**About this exercise:** Please repeat exactly the lines below from the one containing "Tower reol med" down to the one containing "Zapatos Mujer Slip-On", both included, and nothing else.

Supplied records Block Start

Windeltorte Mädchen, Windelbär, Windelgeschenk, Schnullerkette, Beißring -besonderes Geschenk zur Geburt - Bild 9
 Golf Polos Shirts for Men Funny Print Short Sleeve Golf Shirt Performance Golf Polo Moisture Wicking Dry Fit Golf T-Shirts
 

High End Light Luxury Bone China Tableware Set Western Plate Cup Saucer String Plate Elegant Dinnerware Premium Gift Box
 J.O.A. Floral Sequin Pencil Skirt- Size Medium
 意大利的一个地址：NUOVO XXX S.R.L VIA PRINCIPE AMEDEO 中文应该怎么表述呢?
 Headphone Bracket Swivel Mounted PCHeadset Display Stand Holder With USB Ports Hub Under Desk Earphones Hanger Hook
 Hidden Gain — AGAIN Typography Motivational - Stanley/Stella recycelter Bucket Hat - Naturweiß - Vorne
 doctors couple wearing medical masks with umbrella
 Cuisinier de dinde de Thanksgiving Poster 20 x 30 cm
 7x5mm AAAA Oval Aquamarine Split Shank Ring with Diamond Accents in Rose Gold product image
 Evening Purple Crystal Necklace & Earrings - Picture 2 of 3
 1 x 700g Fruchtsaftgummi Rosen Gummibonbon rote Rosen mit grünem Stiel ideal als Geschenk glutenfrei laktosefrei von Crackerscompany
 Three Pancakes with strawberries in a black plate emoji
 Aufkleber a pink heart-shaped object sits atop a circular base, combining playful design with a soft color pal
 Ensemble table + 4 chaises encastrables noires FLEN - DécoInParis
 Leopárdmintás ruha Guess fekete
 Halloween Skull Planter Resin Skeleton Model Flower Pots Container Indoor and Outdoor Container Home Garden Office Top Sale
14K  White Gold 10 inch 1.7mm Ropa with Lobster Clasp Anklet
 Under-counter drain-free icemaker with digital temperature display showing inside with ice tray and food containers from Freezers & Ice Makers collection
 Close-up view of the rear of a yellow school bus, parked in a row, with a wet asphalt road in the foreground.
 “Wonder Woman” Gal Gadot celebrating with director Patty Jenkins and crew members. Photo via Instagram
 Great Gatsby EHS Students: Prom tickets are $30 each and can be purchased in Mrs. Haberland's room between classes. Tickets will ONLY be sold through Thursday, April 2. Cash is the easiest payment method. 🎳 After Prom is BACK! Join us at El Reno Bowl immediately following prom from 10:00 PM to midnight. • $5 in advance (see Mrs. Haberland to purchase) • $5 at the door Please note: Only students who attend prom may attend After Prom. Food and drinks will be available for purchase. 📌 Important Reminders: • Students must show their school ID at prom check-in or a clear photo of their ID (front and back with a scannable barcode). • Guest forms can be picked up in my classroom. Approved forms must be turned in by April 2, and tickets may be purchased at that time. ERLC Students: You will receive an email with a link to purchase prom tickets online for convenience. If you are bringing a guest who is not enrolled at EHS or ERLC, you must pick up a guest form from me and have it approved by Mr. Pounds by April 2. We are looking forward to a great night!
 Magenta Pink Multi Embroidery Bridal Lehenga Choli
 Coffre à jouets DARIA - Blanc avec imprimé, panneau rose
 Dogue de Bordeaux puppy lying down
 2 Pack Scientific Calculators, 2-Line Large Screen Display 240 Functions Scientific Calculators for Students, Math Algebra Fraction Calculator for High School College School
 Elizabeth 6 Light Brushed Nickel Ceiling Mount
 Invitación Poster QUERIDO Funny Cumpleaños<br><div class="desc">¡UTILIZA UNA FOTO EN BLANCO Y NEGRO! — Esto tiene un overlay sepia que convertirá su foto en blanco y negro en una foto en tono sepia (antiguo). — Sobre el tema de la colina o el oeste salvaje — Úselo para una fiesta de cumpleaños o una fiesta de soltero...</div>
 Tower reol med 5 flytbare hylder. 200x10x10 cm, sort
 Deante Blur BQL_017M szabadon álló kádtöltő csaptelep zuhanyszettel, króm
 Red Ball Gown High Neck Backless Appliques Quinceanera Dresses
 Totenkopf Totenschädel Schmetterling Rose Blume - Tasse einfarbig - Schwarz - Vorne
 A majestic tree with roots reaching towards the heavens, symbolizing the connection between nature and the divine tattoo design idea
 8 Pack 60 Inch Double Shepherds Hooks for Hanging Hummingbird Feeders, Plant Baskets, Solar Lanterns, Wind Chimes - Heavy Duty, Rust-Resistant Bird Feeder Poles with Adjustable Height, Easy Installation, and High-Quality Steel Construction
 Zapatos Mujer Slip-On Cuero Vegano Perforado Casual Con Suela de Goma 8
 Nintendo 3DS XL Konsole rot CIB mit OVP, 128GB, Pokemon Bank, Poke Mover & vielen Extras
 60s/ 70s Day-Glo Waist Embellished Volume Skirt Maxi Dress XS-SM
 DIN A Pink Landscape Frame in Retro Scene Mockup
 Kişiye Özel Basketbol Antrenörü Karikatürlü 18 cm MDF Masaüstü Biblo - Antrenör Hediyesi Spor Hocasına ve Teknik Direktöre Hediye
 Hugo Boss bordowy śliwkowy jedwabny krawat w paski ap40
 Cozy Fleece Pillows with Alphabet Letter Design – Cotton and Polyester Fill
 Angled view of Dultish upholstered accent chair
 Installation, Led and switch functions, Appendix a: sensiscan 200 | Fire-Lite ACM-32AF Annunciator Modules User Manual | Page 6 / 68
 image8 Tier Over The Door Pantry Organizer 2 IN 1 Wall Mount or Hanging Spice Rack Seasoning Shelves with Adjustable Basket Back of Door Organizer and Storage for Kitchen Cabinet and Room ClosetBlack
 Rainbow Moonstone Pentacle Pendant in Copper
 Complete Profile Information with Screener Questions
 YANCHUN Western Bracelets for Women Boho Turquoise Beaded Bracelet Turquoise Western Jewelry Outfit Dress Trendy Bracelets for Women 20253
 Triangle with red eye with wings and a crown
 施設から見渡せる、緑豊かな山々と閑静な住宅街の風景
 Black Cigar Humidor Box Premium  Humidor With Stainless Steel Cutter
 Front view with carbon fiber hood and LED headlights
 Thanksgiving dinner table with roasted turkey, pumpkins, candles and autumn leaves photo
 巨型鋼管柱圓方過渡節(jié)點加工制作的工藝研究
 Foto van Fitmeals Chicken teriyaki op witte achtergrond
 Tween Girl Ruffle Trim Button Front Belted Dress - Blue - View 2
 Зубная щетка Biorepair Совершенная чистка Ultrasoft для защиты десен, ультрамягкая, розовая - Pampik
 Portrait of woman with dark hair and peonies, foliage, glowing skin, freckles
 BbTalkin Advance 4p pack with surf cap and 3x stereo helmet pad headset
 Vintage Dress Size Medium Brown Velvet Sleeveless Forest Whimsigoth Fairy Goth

Supplied records Block End

**Task answer:**
 Tower reol med 5 flytbare hylder. 200x10x10 cm, sort
 Deante Blur BQL_017M szabadon álló kádtöltő csaptelep zuhanyszettel, króm
 Red Ball Gown High Neck Backless Appliques Quinceanera Dresses
 Totenkopf Totenschädel Schmetterling Rose Blume - Tasse einfarbig - Schwarz - Vorne
 A majestic tree with roots reaching towards the heavens, symbolizing the connection between nature and the divine tattoo design idea
 8 Pack 60 Inch Double Shepherds Hooks for Hanging Hummingbird Feeders, Plant Baskets, Solar Lanterns, Wind Chimes - Heavy Duty, Rust-Resistant Bird Feeder Poles with Adjustable Height, Easy Installation, and High-Quality Steel Construction
 Zapatos Mujer Slip-On Cuero Vegano Perforado Casual Con Suela de Goma 8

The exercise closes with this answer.